Morten Albaek, the chief marketing officer for the world’s biggest wind turbine maker, said China’s leading developer of the facilities, China Longyuan Power Group Corp. (916) has said it’s focusing on quality as it picks from 70 domestic suppliers.
“Chinese customers are becoming more demanding and insightful,” Albaek said in an interview in London today. “Customers have started focusing not only on the price, but also the long-term profitability of the investment, which depends on quality.”
Vestas last year took 3.8 percent of the Chinese wind market and has 5.7 percent of the total installed wind capacity in the nation. Gains by Chinese manufacturers have trimmed prices across the industry, squeezing margins for European manufacturers.

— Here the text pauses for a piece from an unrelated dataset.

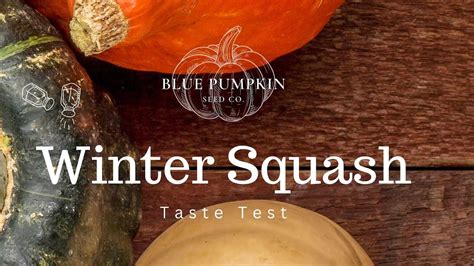 Winter Squash Taste Test Youtube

Now, even the Chinese manufacturers are “challenged” by falling profitability, said Albaek.
Xinjiang Goldwind Science & Technology Co., China’s biggest maker of wind turbines by market share, on Aug. 24 said first- half profit fell 83 percent because competition intensified. Sinovel Wind Group Co., the second-biggest, two days later said first-half profit declined 96 percent.
“If you look at the reports from Goldwind, Sinovel and other large manufacturers, you can see they are challenged like the rest of the global wind industry,” Albaek said. “Their earnings are dropping. Whether you’re a Chinese company or not, It’s unsustainable not to earn money.”